Task objective: For every line in the listing below that contains the word "Shirt", add one to the tally. State the final number and nothing else.

Exercise input:

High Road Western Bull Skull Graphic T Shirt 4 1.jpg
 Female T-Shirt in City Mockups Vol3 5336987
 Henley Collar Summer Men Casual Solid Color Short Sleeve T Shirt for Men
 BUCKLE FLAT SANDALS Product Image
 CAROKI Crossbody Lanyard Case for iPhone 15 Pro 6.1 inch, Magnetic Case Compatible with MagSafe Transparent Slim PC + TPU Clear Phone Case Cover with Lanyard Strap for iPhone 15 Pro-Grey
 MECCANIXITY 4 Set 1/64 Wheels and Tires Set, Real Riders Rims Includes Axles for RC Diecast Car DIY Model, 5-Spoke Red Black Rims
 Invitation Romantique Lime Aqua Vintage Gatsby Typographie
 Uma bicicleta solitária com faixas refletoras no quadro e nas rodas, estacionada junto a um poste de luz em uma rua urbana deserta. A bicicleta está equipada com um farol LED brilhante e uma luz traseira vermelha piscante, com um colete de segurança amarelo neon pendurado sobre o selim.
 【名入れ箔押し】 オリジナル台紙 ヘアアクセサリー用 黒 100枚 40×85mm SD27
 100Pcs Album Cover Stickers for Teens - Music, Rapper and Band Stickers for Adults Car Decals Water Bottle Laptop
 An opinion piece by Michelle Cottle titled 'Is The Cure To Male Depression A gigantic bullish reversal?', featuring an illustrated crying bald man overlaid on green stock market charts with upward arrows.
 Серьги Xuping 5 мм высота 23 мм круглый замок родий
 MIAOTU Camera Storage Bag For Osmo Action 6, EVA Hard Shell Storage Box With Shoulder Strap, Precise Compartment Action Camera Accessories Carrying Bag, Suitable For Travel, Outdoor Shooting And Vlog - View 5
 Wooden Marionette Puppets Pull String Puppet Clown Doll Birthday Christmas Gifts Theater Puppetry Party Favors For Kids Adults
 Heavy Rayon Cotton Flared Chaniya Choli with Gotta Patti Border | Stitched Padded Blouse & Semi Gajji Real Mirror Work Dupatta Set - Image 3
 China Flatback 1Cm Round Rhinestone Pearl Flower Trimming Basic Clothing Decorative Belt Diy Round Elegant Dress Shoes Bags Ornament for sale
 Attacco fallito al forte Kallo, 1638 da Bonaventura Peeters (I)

Exercise output: 3